Ibn Masʿūd dan ʿAlī bin Abī Ṭālib pernah memperingatkan bahwa menyampaikan ilmu berat kepada orang yang belum siap adalah bentuk kerusakan ilmiah. Alih-alih bermanfaat, ilmu itu akan ditolak dan dianggap aneh karena belum sesuai level pemahaman audiensnya. Karenanya, tahapan belajar harus dijaga dan disesuaikan.

⚠️ Ilmu itu cahaya. Tapi cahaya yang menyilaukan bisa membakar.
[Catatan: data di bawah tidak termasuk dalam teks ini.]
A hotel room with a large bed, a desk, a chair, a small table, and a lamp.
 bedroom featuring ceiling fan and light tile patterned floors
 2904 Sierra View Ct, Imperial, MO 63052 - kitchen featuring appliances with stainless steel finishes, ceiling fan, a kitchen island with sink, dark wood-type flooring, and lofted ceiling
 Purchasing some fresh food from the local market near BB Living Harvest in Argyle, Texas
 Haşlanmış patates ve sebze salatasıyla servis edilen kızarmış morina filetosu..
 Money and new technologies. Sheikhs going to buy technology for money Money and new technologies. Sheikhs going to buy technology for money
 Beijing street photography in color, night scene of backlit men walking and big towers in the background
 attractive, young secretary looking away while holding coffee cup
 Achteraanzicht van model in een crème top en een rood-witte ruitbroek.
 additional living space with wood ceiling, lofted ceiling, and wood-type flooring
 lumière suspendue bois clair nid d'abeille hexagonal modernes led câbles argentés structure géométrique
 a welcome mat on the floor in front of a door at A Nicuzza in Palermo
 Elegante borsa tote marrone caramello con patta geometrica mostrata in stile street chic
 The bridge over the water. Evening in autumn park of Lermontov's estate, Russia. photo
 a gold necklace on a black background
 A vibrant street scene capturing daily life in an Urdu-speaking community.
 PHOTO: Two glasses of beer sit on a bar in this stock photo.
5️⃣ Tidak Semua Penyimpangan Berada di Level yang Sama

Kita tidak boleh menyamaratakan semua kelompok atau tokoh yang berbeda pandangan seakan-akan mereka setara dalam kesesatan. Harus ada pembedaan kadar penyimpangan, dilihat dari konteks, dalil, dan kesalahan mereka. Tidak adil menempatkan semua dalam satu kotak hanya karena “berbeda”.

⚖️ Adil dalam perbedaan adalah bagian dari sunnah para ulama.


6️⃣ Fenomena Takut Dikritik Membunuh Keikhlasan

Sebagian penuntut ilmu bersuara keras dalam satu topik bukan karena yakin, tetapi karena takut dikritik oleh kelompok tertentu. Akhirnya, dakwah dan pembelajaran menjadi alat untuk mencari penerimaan, bukan karena ingin menyampaikan kebenaran. Ini adalah bentuk ketidakikhlasan yang halus tapi sangat berbahaya.

🕊️ Takut kepada manusia bisa menutupi ketundukan kepada Allah.


7️⃣ Usia Bukan Halangan untuk Memulai Belajar

Tidak sedikit tokoh besar dalam sejarah Islam yang baru memulai belajar secara serius di usia dewasa. Ibn Ḥazm, al-ʿIzz ibn ʿAbd al-Salām, dan lainnya adalah contoh nyata bahwa semangat belajar yang tulus tidak mengenal batas usia. Yang penting adalah niat, kesungguhan, dan bimbingan yang benar.

🕰️ Terlambat memulai lebih baik daripada menyesal tak pernah memulai.


8️⃣ Solusi: Kembali ke Ilmu yang Bermanfaat dan Lingkungan yang Sehat

Jalan keluar dari keterjebakan dalam fitnah dan perdebatan adalah dengan:

  • Kembali belajar dari dasar ilmu yang bermanfaat

  • Menemukan guru yang membimbing dengan adab

  • Meninggalkan lingkungan yang dipenuhi perdebatan

  • Menguatkan keikhlasan dan bergantung hanya kepada Allah

🌿 Ilmu yang benar memperbaiki ibadahmu, bukan hanya memperkuat opini.


🏁 Penutup Reflektif:

Tadzkirah ini bukan sekadar nasihat teknis, tapi ajakan mendalam untuk menata ulang jalan kita dalam menuntut ilmu. Jangan biarkan waktu habis untuk sesuatu yang bukan bagian dari jalan kita. Jangan mulai dari kemarahan, mulailah dari keikhlasan. Jangan membaca fitnah, bacalah wahyu. Karena ilmu sejati itu bukan tentang tahu lebih banyak, tapi tentang tahu apa yang Allah ridai untuk diketahui terlebih dahulu.